| WHAT IS REQUIRED |
Find the line with "Following surgery, the" in the data below. Repeat it and every line after it exactly, but not the pictures.

| DATA BELOW |
========================================================================

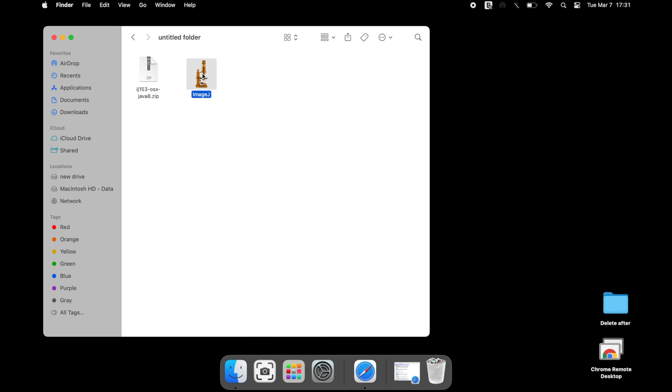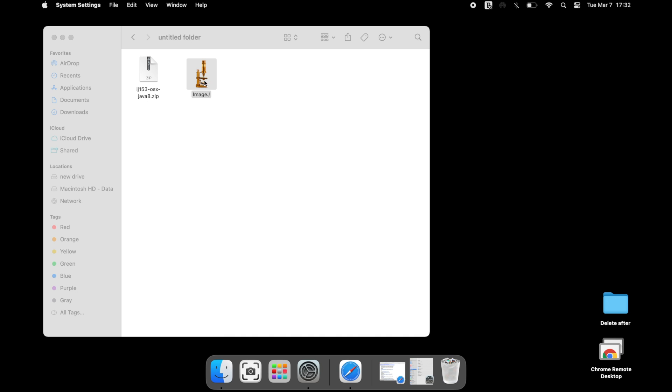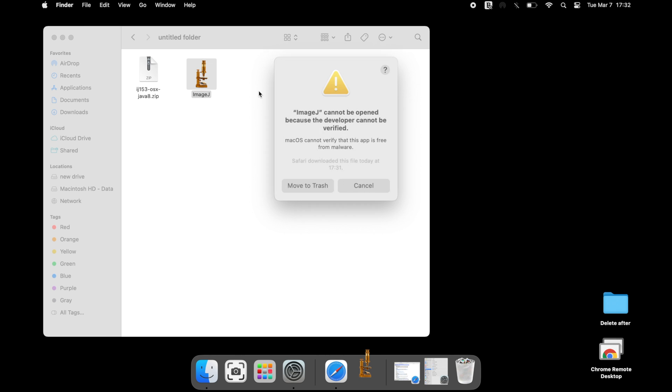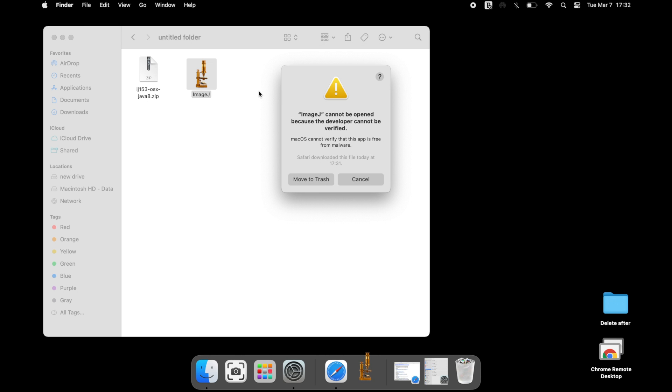The ImageJ icon displays when the file is successfully extracted. Make a double left click on the icon. A warning message may pop up at this stage regarding the software verification. Click cancel.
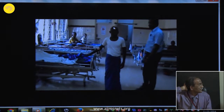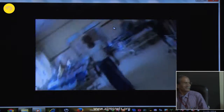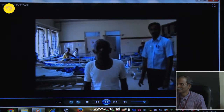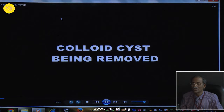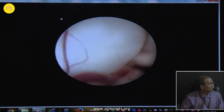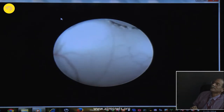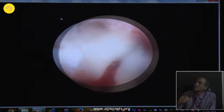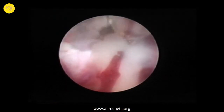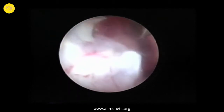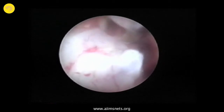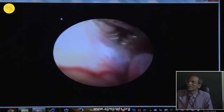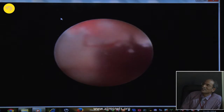Following surgery, the patient developed ptosis, which subsequently improved. Not all colloid cysts are easy to excise — they give a lot of problems when situated posteriorly. Sometimes you may get fluid; sometimes the colloid material itself is very solid. See the blood vessels — how they protrude into the cannula. That is the last part of the cyst being taken out.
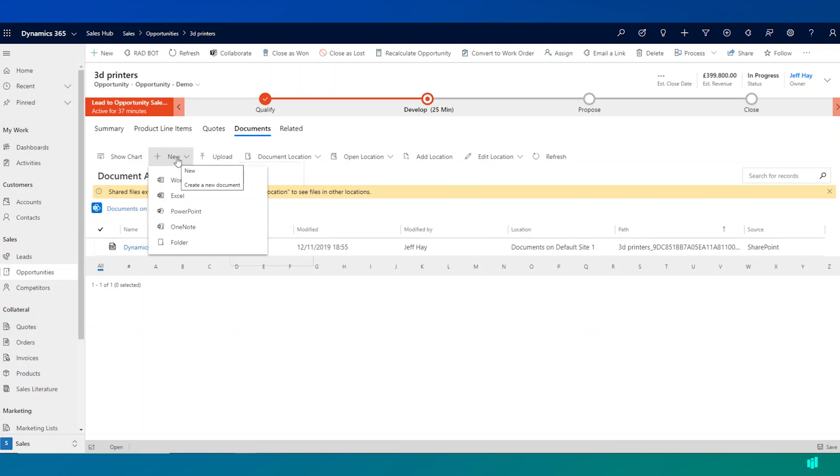And I can also use OneDrive Business to store documents in here as well. Perhaps if I want to record a document in Dynamics, but restrict who within my organization can see that document.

========================================================================

| EXERCISE RESULT |
Following surgery, the patient developed ptosis, which subsequently improved. Not all colloid cysts are easy to excise — they give a lot of problems when situated posteriorly. Sometimes you may get fluid; sometimes the colloid material itself is very solid. See the blood vessels — how they protrude into the cannula. That is the last part of the cyst being taken out.
And I can also use OneDrive Business to store documents in here as well. Perhaps if I want to record a document in Dynamics, but restrict who within my organization can see that document.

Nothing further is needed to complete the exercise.